| WORK INSTRUCTIONS |
Print word for word the records from the line containing "三色隔离霜 水光 冰淇淋面膜灌装机黄金眼霜" through the end.

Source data
━━━━━━━━━━━━━━━━

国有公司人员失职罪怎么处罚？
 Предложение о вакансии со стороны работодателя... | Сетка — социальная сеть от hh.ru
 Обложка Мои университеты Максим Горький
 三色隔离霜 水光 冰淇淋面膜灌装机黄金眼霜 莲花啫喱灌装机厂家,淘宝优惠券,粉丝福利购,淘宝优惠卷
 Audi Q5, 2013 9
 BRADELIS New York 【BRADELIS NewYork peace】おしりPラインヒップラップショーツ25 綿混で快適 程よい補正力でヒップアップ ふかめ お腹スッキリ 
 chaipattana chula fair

━━━━━━━━━━━━━━━━

| EXERCISE OUTPUT |
 三色隔离霜 水光 冰淇淋面膜灌装机黄金眼霜 莲花啫喱灌装机厂家,淘宝优惠券,粉丝福利购,淘宝优惠卷
 Audi Q5, 2013 9
 BRADELIS New York 【BRADELIS NewYork peace】おしりPラインヒップラップショーツ25 綿混で快適 程よい補正力でヒップアップ ふかめ お腹スッキリ 
 chaipattana chula fair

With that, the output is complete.